I've tried several times throughout my life, always lasting just over a week before falling into boredom and leaving the book to collect dust. Different things have triggered each iteration of my self-cataloguing and analyzing venture. I think the first time was when I got a nifty little metal box with a lock and key so that I could put super secret baubles and keepsakes in; so I clearly needed something super secret to keep in there. At that point in my life, also known as age 13, there was really nothing going on to warrant such meticulous detail as a diary. After a few days of writing "nothing much happened today" and "same as yesterday," I decided that the whole ordeal must be a girl thing and stopped.
The next instance occurred in high school, when Heather, this smart girl that sat next to me in remedial physics class (we both got in because the honors class conflicted with our schedules, it was clearly a sign from some higher being), kept one religiously. My high school brain, bent and twisted by lunch periods, herds of people who consistently blockaded the busiest stairwell with their vapid conversations, and rigid social structure which resigned me to the 'hopelessly misunderstood' rung of the ladder very early on, made the oh-so-obvious connection that Heather would like boys who kept a likewise daily account of their lives. Certainly she'd like these journal-oriented boys much more than the kid who sits next to her in Physics. So I went out and bought a fancy fountain pen and a fancy book with fancy colored paper made specifically for use as a diary (or a restaurant ledger) and went to work.
Not much had changed since age 13. After a first entry of great length (as this will no doubt compare), my daily ruminations quickly dwindled to that of "school day" and "weekend." Heather showed no noticeable change, so I quickly gave it up yet again.
There were several more tries of course. One time, after a friend forced me into it, I signed onto an online journal service that lets everyone in the world read your entries and leave you pity messages or spam for adult websites. Each trial had a similar verdict: death within the month. All I got out of it was the idea of writing to myself as some unseen audience, like I was narrating an ongoing movie of my life; or maybe that's just all those viewings of Ferris Bueller's Day Off coming back to haunt me. In any case, I bet in my 28 years I've amassed maybe 25 pages of journal entries. I've written more email than that.

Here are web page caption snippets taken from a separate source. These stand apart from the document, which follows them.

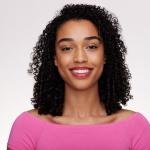 Essence what the fake Extreme Plumping Lip Filler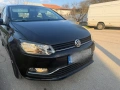 VW Polo 1.0 MPI 75 кс бензин / 74 000км  / 1ви собственик   - цена 5 099 евро   - колата е регистрир, снимка 10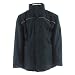 Stormtech Vortex System Jacket Dk Forest/Black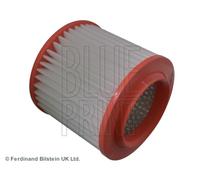 Filtro aria per AUDI A8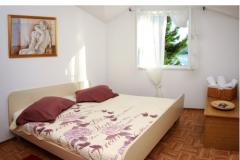 Appartements Appartement 1 – Villa foto 2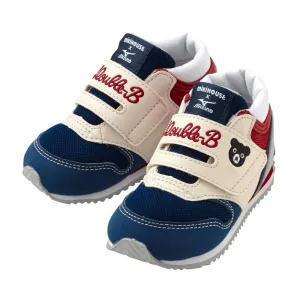 DOUBLE_B BABY SHOES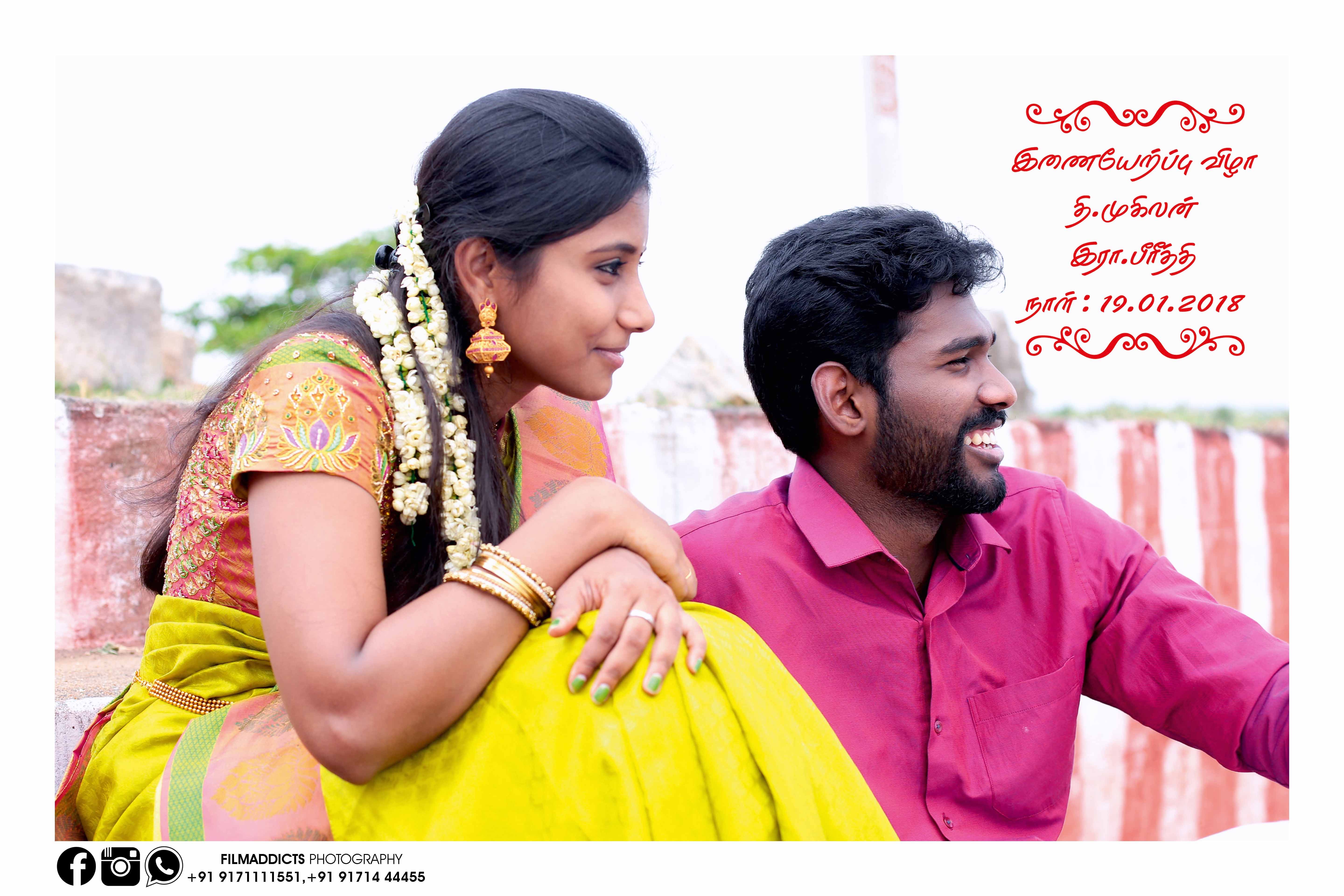 Best Wedding Videography in Madurai,Best wedding photography in Madurai,Best candid photographers in Madurai,Best Wedding Videography in Madurai,Best marriage photographers in Madurai,Best marriage photography in Madurai,Best photographers in Madurai,Best photography in Madurai,Best wedding candid photography in Madurai,Best wedding candid photographers in Madurai,Best wedding video in Madurai,Best wedding videographers in Madurai,Best wedding videography in Madurai,Best candid videographers in Madurai,Best Wedding Videography in Madurai,Best marriage videographers in Madurai,Best marriage videography in Madurai,Best videographers in Madurai,Best videography in Madurai,Best wedding candid videography in Madurai,Best wedding candid videographers in Madurai,Best Wedding Videography in Madurai,Best drone operators in Madurai,Best wedding studio in Madurai,Best Wedding Videography in Madurai,Best professional photography in Madurai,No.1 wedding photographers in Madurai,No.1 wedding photography in Madurai,Madurai wedding photographers,Madurai wedding photography,Madurai wedding videos,Best candid videos in Madurai,Best candid photos in Madurai,Best helicam operators photography in Madurai,Best helicam operator photographers in Madurai,Best outdoor videography in Madurai,Best professional wedding photography in Madurai,Best outdoor photography in Madurai,Best outdoor photographers in Madurai,Best drone operators photographers in Madurai,Best wedding candid videography in Madurai,tamilnadu wedding photography, tamilnadu.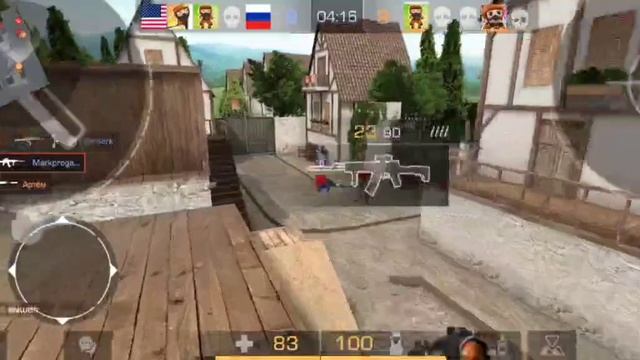 ПЕРВЫЙ БАМ... ВТОРОЙ БАМ... СИМПЛ Я ТЕБЕ ЛЮБЛЮ НА*УЙ ПОШЕЛ смотреть онлайн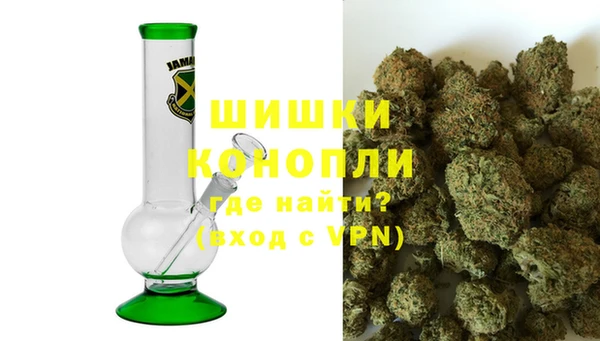 ГАЛЛЮЦИНОГЕННЫЕ ГРИБЫ Абинск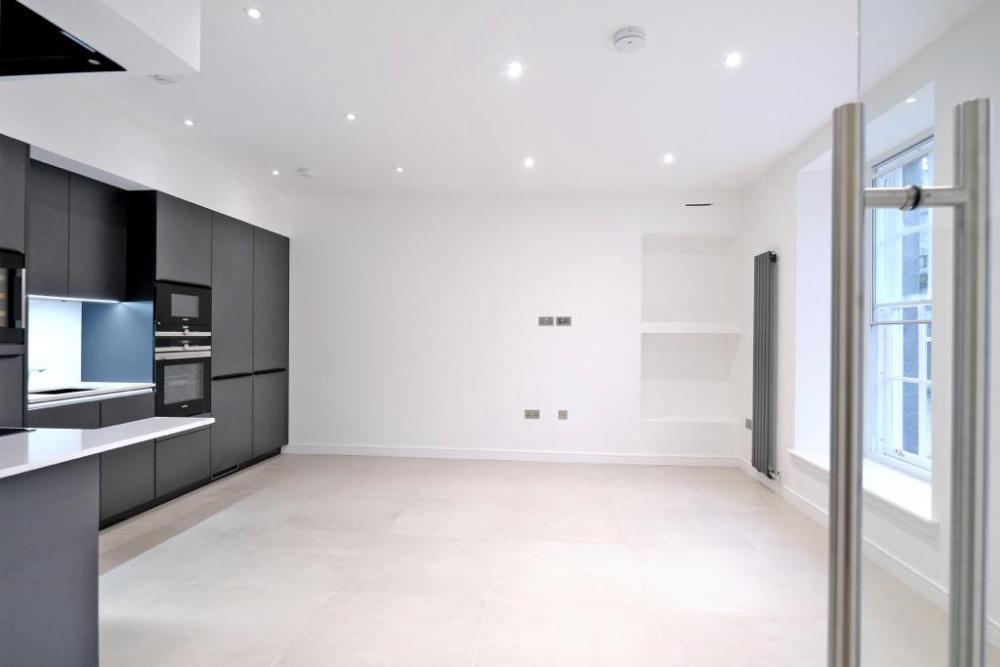Kitchen 3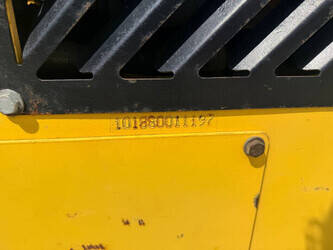 2007-bomag-bw100-ac-4-1469769-48286357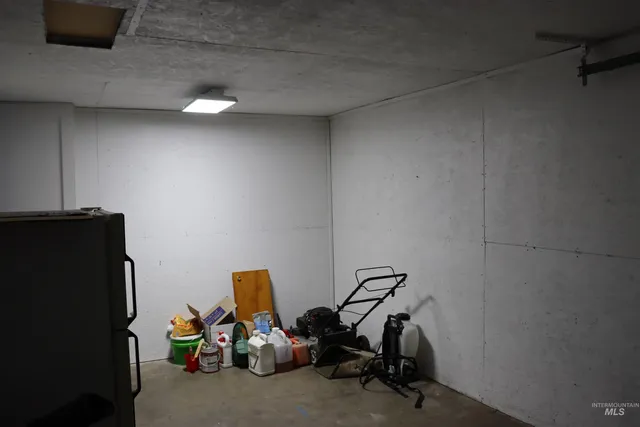 $335,000 | 1811 17th Avenue, Lewiston, ID 83501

So why am I trying it again? What's triggered me to think that this time will be different? What could drive me to retread this concept? A woman of course.
Her name was Bianca. Actually it still is Bianca, although clearly not my Bianca anymore. We've been together for just under a year. We've had our ups, we've had our downs, but I've also been genuinely happy with her for the majority of the time, longer than I've spent with any other girlfriend. We even had a shared account. Isn't that like insurance against a break-up? Doesn't she have to file a claim or something two weeks beforehand?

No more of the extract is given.